▶ **Material provided**

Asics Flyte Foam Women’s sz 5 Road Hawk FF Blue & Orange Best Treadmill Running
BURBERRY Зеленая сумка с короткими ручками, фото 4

--

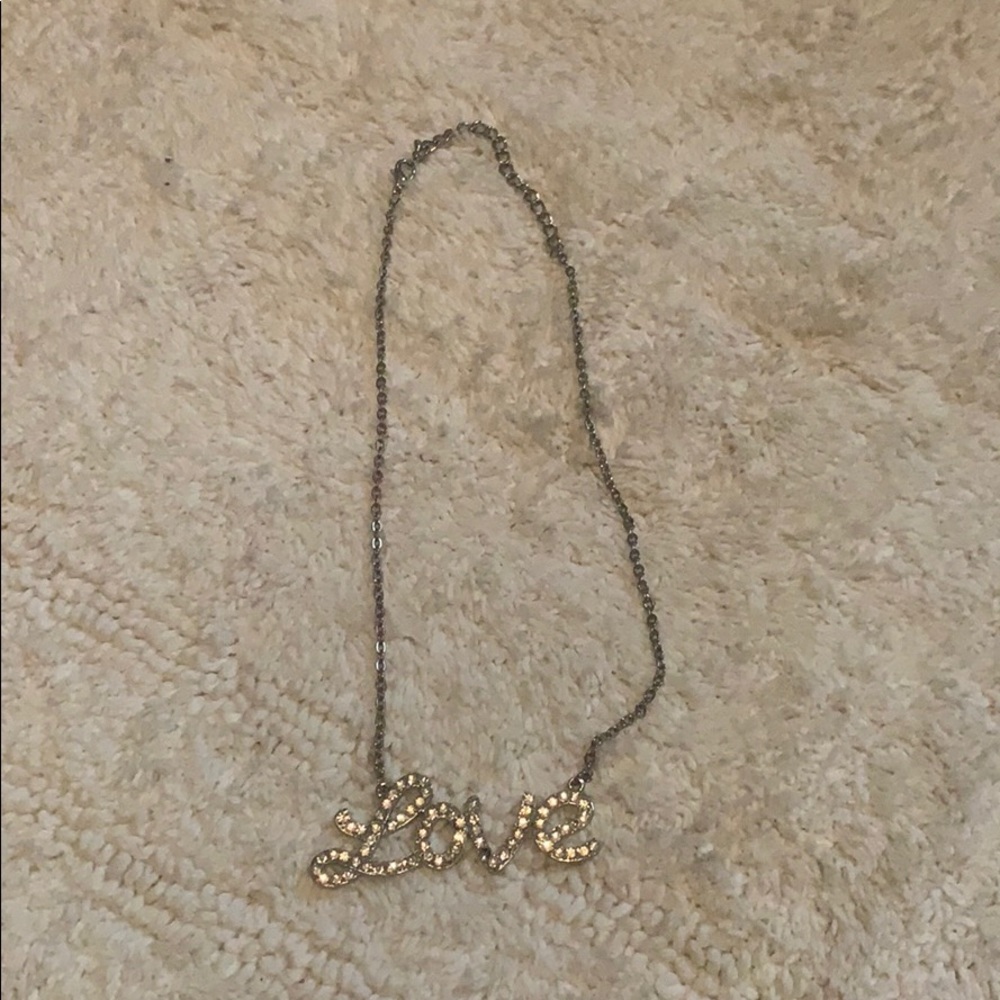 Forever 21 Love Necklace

▶ **Task instructions**
In the data above, start at the line that has "Asics Flyte Foam", stop after the line that has "BURBERRY Зеленая сумка", and print every line in between exactly as it stands.

▶ **Problem solution**
Asics Flyte Foam Women’s sz 5 Road Hawk FF Blue & Orange Best Treadmill Running
BURBERRY Зеленая сумка с короткими ручками, фото 4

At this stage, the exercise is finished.